Wei Zhou commented on HDFS-7343:
Thanks [~anu] for reviewing the design document and great comments!
For your comments:
1. Is this service attempting to become the answer for all administrative
problems of HDFS? In other words, Is this service is trying to be a catch all
I am not able to see what is common between caching and file placement and
between running distcp for remote replication and running balancer and disk
For long run, SSM is going to provide user an end-to-end storage management
automation solution. Any facility can be used in this project towards the
solution. The use cases and examples listed in the document just give examples
of the possible scenarios where SSM can be used and what can SSM do. SSM can
help from different angles by using these facilities.
But then in the latter parts of the document we drag in distcp, disk balancer
and balancer issues. SSM might be the right place for these in the long run,
but my suggestion is to focus on the core parts of the service and then extend
it to other things once the core is stabilized.
You are absolutely right, we have to be focused on implementing the core
part/module now instead of involving too much beyond at the same time, it's the
basis of other functions.
2. Do we need a new rules language – Would you please consider using a language
which admins will already know, for example, if we can write these rules in
time I have to configure Kerberos rules, I have to lookup the mini-regex
meanings. I am worried that this little rule language will blow up and once it
is in, this is something that we will need to support for the long term.
Yes, it's a very good question and we do have thought about it before. We aimed
at providing administrator/user a simple and specific rule language without
touching too much besides the rule logic itself. In fact, a rule is very simple
that only have to declare when and which action to be implied on some objects
(can be a file, node, etc.). A general and systematic language like python or
java script maybe too heavy for defining a rule.

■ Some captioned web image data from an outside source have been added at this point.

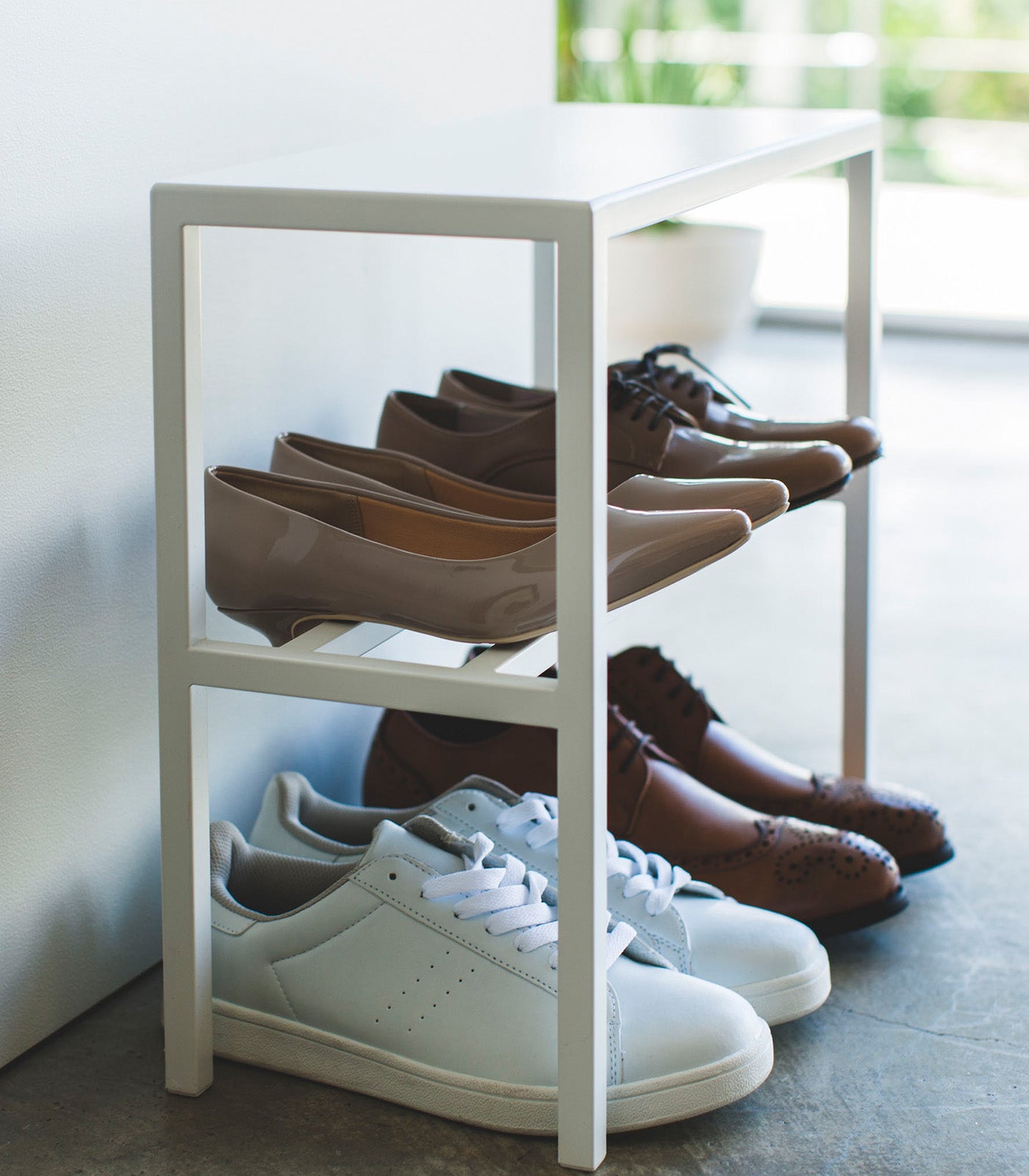 16 Hooks Steel Shoe Organizer - Space Saving Closet Storage for Sneakers, Boots & Heels - Perfect for Bedroom, Entryway & Mudroom Organization
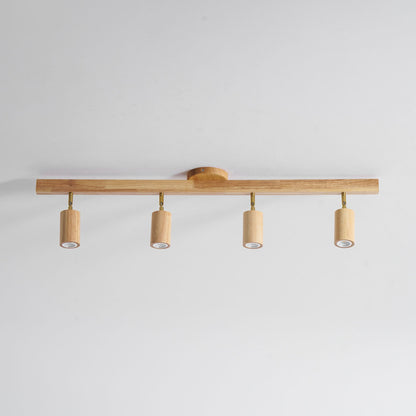 Japanese Wooden Adjustable LED Spotlight 1-Light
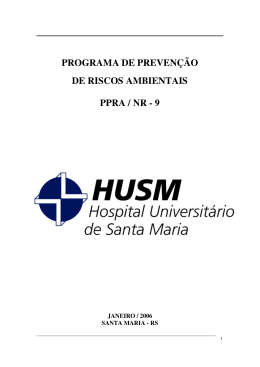 Programa de Preven&ccedil;&atilde;o de Riscos Ambientais - (CPD)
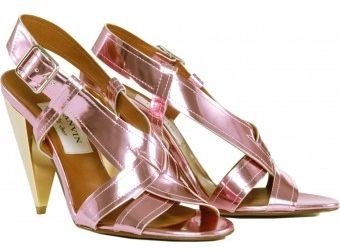 Lanvin Metallic Cone Heel Sandals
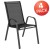 Flash Furniture 4-JJ-303C-GG Black Outdoor Stack Chair with Flex Comfort Material and Metal Frame, Set of 4 addl-2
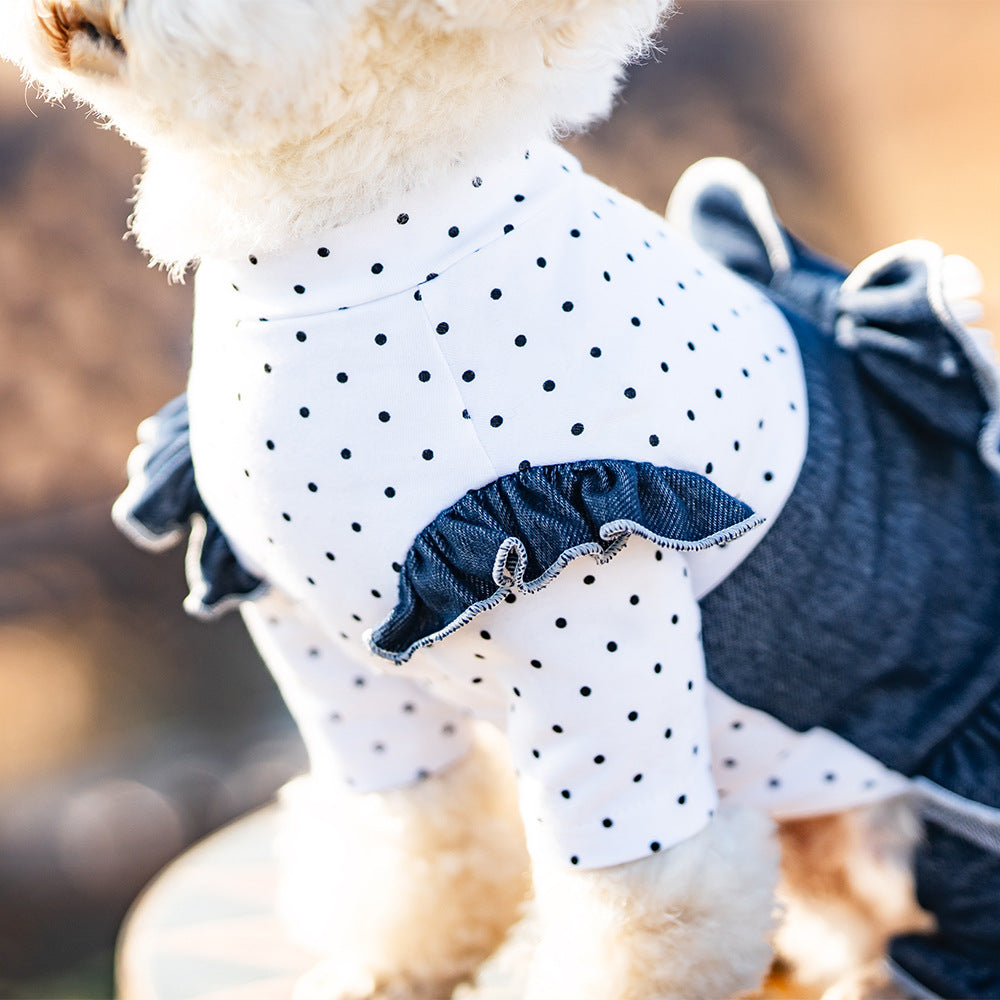 KFX-7684797 Denim Bow Princess Mesh Pettiskirt for Pets - Available in Dots and Stripes Design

3. In this model we are proposing a push model where the datanode and Namenode
pushes data to some kafka endpoint. I would prefer if namenode and datanode was
not aware of this service at all. This service can easily connect to namenode
and read almost all the data which is needed. If you need extra RPC to be added
in datanode and namenode that would an option too. But creating a dependency
from namenode and all datanodes in a cluster seems to be something that you
want to do after very careful consideration. If we move to a pull model, you
might not even need kafka service to be running in the initial versions.
Good point! This is also a very good way to implement SSM.
If using pull model, the advantage are:
(1) No dependency on Kafka service, and it’s indeed much easier for
development, testing and deployment.
(2) Closer relationship with HDFS which may be able to support features that
cannot be done in the model described in the design document.
The disadvantage are:
(1) It may have potential performance issue. SSM have to know the messages
timely in order to work effectively. In order to decrease the overhead of
getting messages, SSM have to query NameNodes for the messages on a very high
frequency all the time. It’s also very hard for SSM to query DataNodes one by
one to get messages in a large scale cluster.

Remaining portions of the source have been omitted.